The Wengen ski area is in theory connected with Murren and Grindelwald, although the three resorts are fairly far apart. Murren is not connected by a lift, you either have to take the bus from Lauterbrunnen (bottom of the funicular) to Stechelberg, or a cable car and then train. Therefore it is the best bet to take a day to specifically head over to Murren.
Grindelwald Grund can be skied to from the Wengen side via the long 22 blue (which anyone can ski), but when you reach the bottom there is a short bus ride to the main centre of Grindelwald where you take the Gondola up.
As for the skiing most runs are suited for the intermediate, the majority of which are red, and the slopes are very well maintained.

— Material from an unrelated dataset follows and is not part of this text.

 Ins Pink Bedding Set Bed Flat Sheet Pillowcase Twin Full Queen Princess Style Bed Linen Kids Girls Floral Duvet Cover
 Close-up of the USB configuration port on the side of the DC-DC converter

Wengen town (which is pedestrianised) offers the traditional and charming feel of a well known Swiss resort. There are plenty of restaurants to choose from, although nightlife is limited. Most people seemed to stay within their hotel complexes in the evening, as the streets seemed very quiet after 8pm (so well suited for families).
If I had to name a negative it would be the amount of travelling around you seem to do - mountain trains, bus rides and long cable car rides means that you have to plan where you are going for the day in advance.